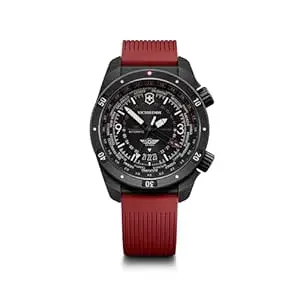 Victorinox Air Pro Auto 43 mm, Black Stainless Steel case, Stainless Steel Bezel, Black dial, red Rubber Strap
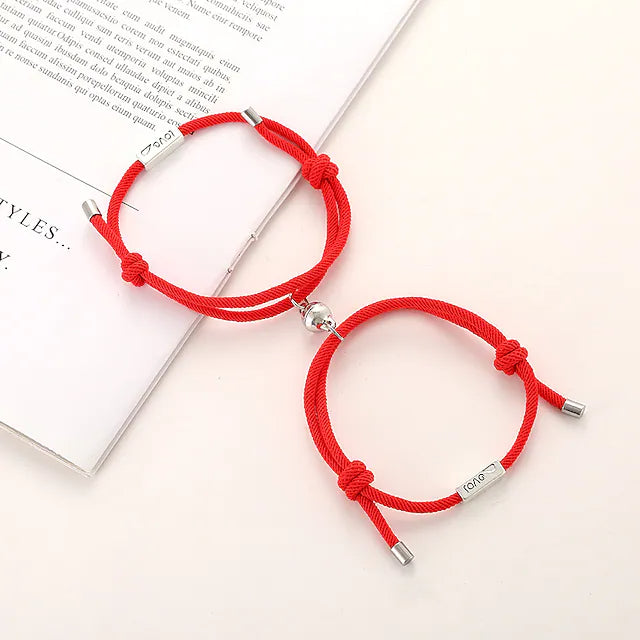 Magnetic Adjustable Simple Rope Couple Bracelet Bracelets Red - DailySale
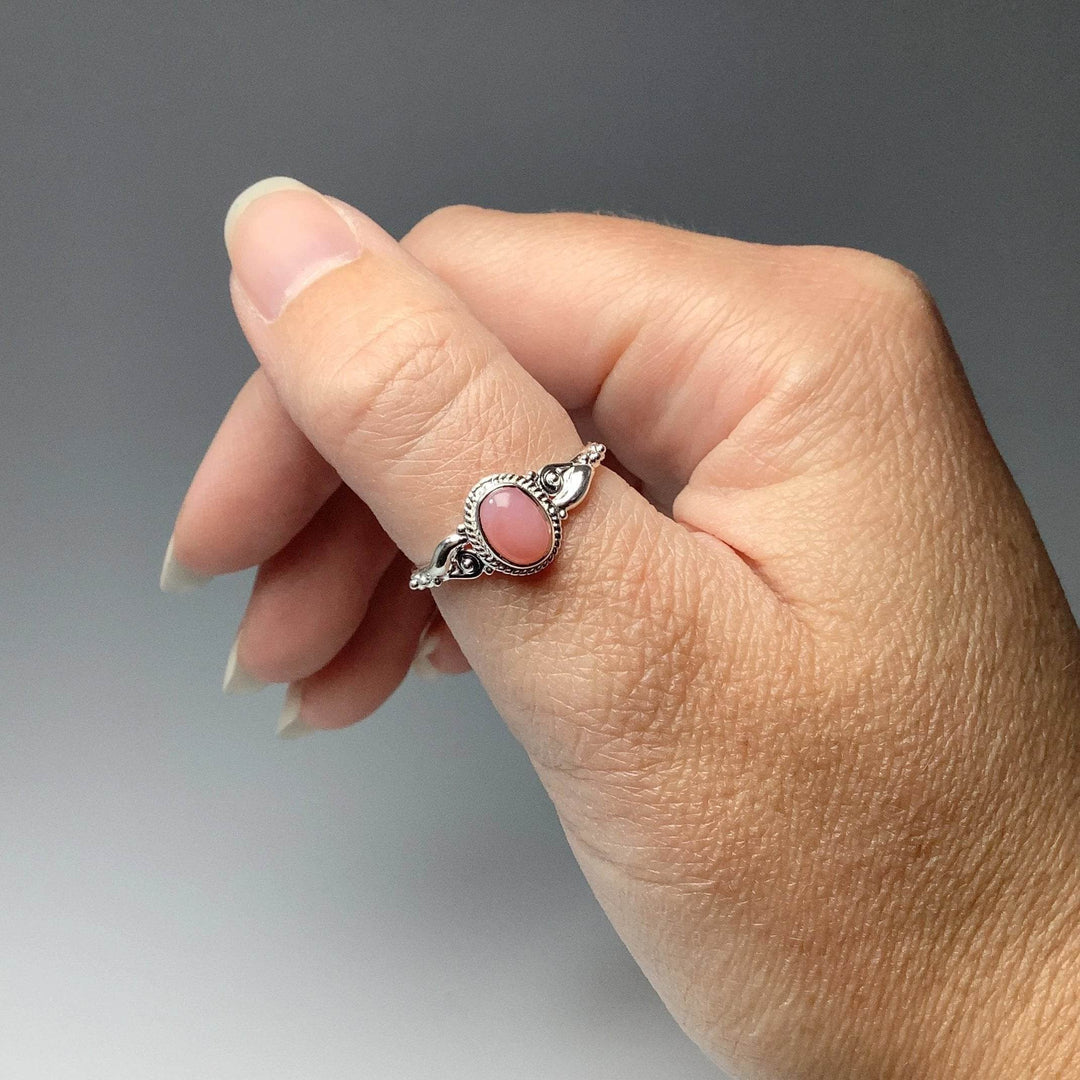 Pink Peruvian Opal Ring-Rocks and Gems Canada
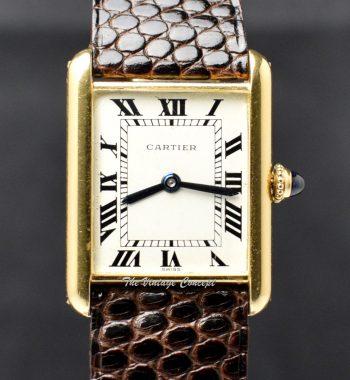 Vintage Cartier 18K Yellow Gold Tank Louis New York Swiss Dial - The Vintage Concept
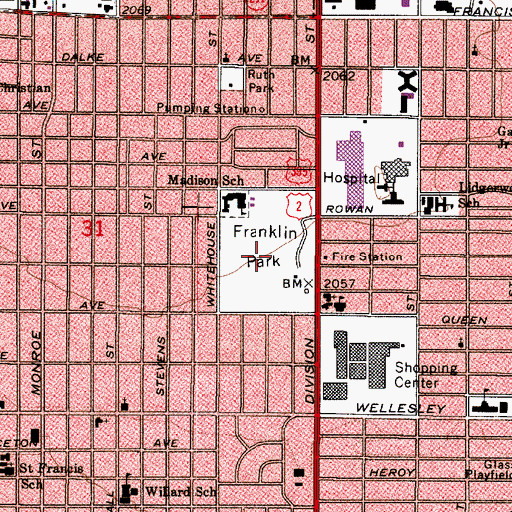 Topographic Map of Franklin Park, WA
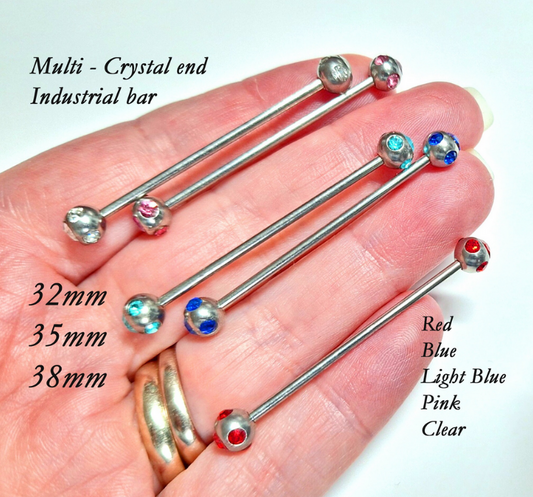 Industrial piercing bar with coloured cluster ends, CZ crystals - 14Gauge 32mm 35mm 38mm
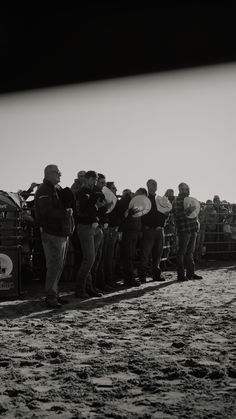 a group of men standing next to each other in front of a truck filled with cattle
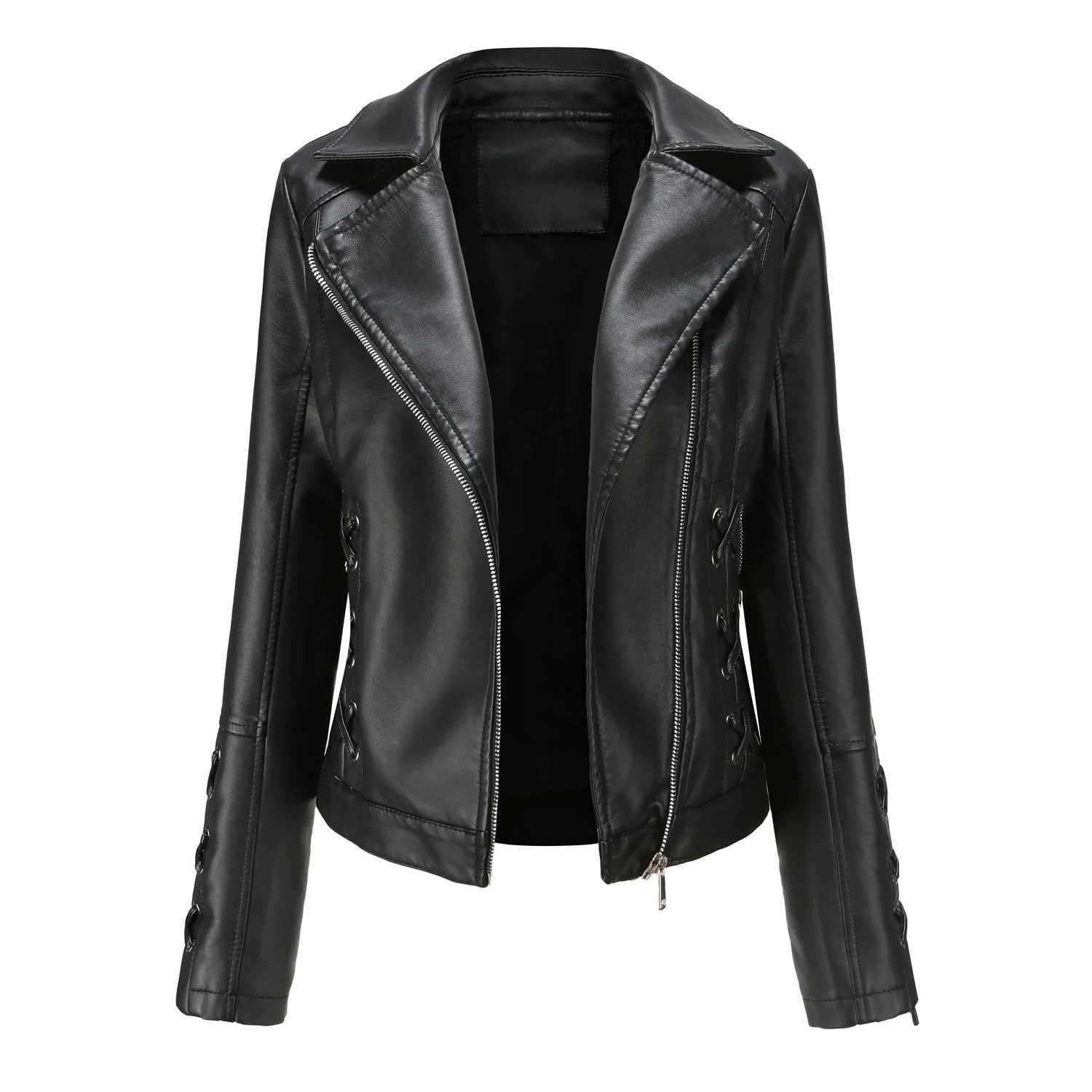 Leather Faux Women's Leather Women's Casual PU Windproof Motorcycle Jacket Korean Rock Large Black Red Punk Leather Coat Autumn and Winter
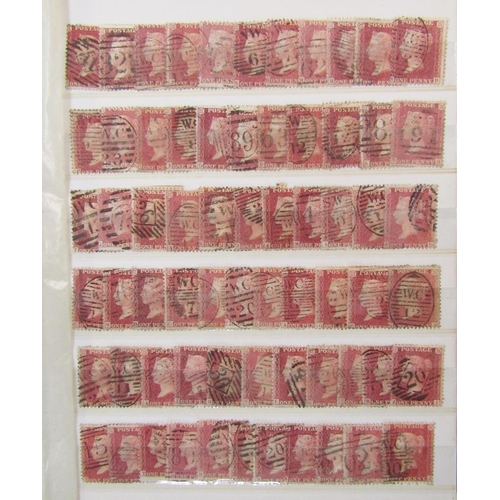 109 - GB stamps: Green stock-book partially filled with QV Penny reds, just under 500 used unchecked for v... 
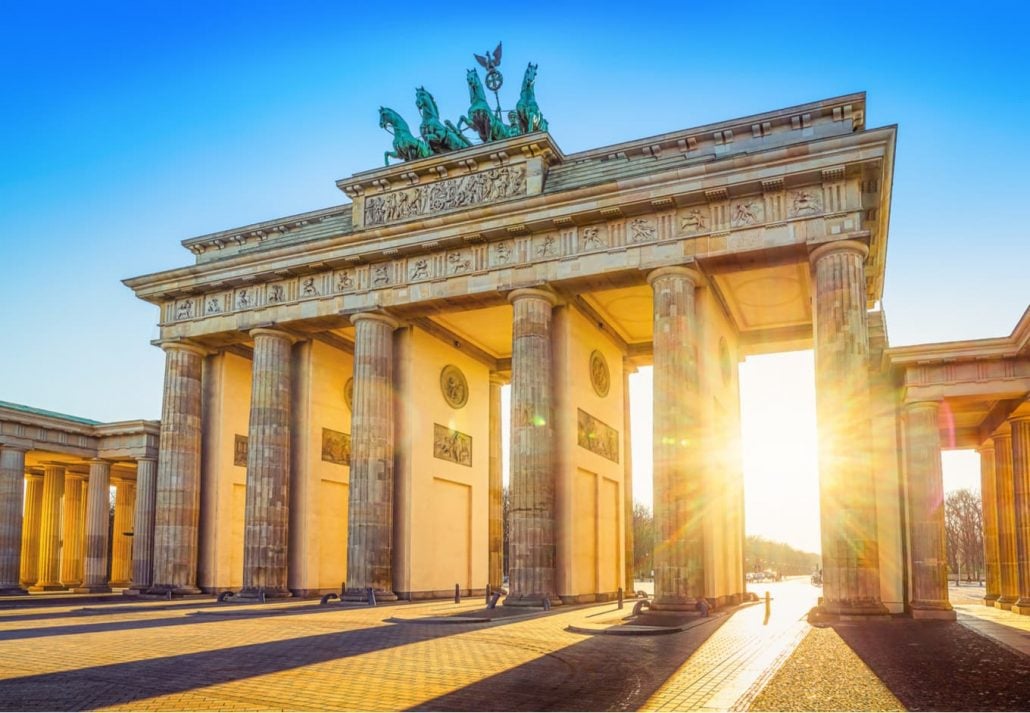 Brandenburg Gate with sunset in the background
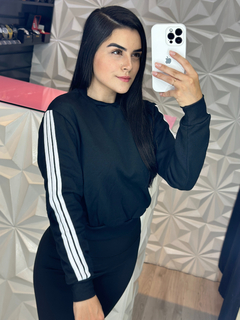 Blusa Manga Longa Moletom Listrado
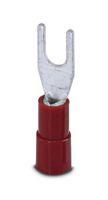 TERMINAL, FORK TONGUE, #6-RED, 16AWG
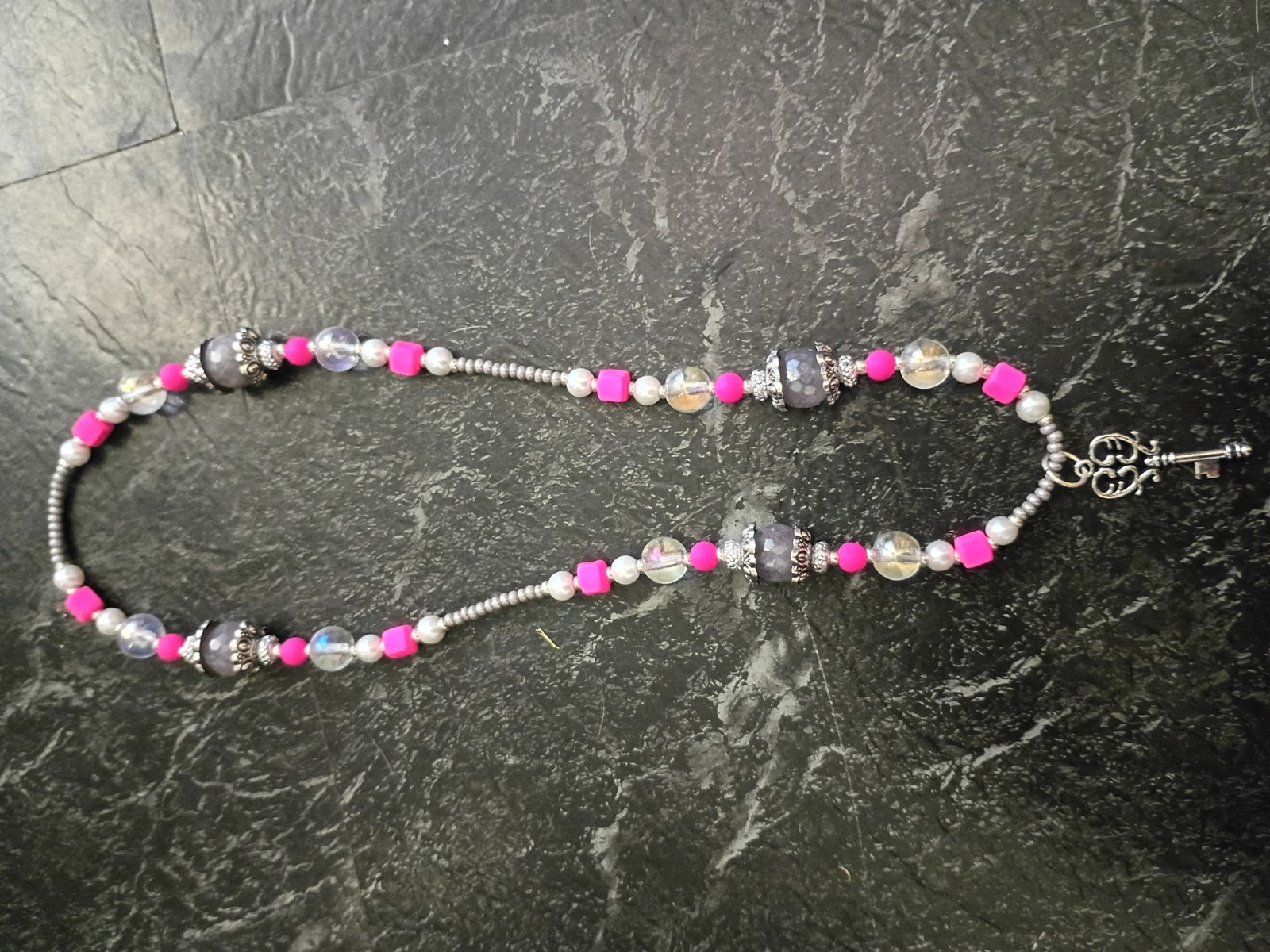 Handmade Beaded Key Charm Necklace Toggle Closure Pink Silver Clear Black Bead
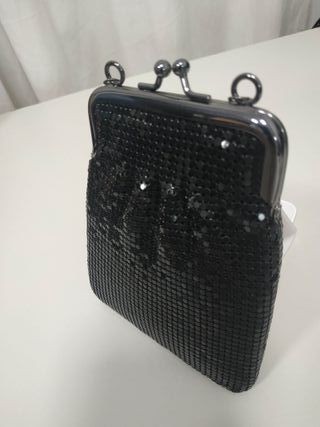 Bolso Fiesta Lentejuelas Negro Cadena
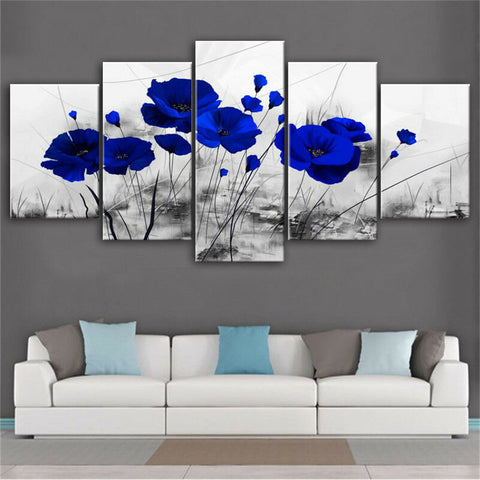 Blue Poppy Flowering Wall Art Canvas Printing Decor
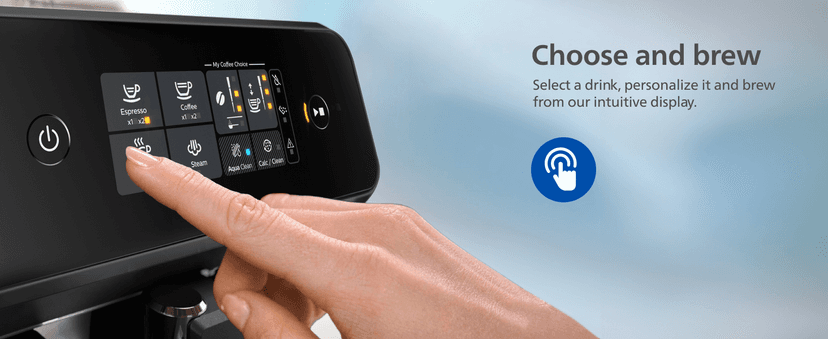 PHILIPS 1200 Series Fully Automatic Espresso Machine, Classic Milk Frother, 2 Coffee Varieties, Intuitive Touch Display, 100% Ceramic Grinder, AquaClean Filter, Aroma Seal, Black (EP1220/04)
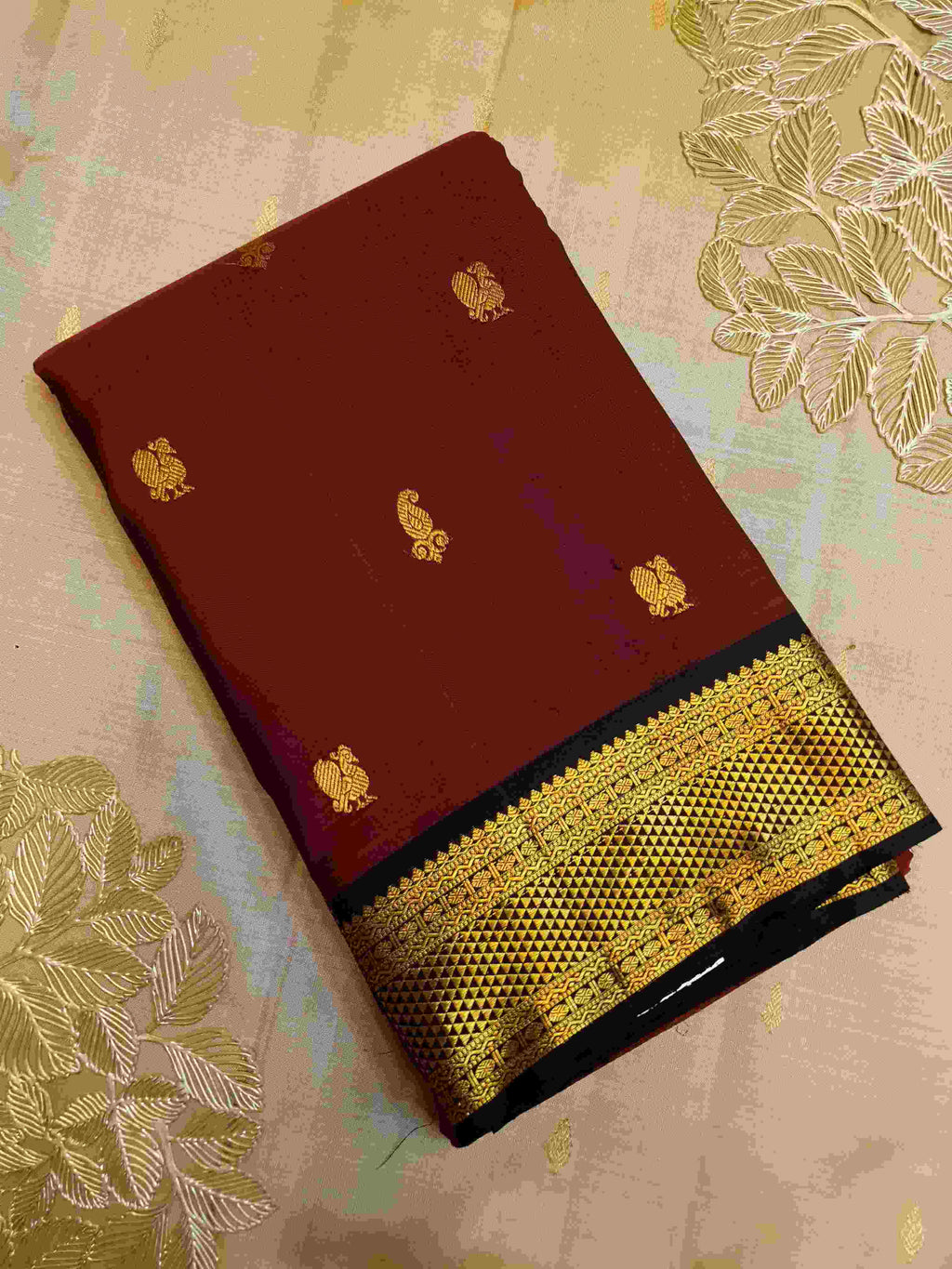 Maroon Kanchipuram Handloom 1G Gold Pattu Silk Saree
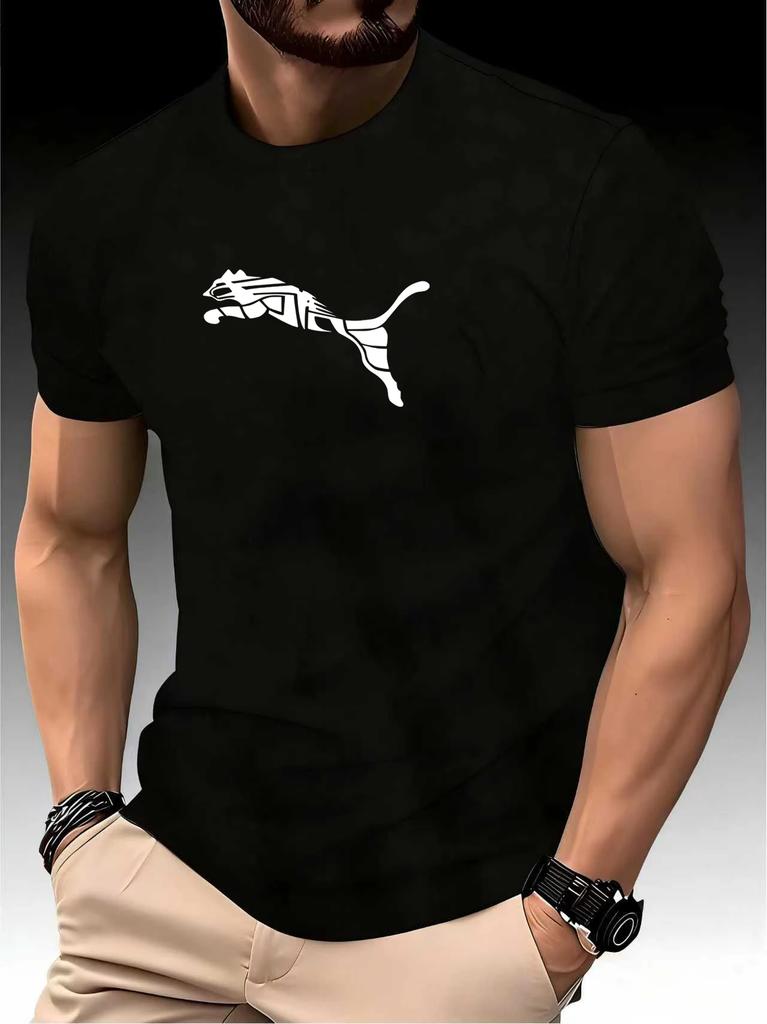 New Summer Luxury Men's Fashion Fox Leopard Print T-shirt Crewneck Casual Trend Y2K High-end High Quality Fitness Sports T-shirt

====================

*TASK DESCRIPTION*. For the data above, set down exactly the lines from the line with "Blusa Manga Longa Moletom Listrado" to the line with "Blue Poppy Flowering", both included, leaving pictures out.

*ANSWER TO THE EXERCISE*.
 Blusa Manga Longa Moletom Listrado
 TERMINAL, FORK TONGUE, #6-RED, 16AWG
 Handmade Beaded Key Charm Necklace Toggle Closure Pink Silver Clear Black Bead
 Bolso Fiesta Lentejuelas Negro Cadena
 Blue Poppy Flowering Wall Art Canvas Printing Decor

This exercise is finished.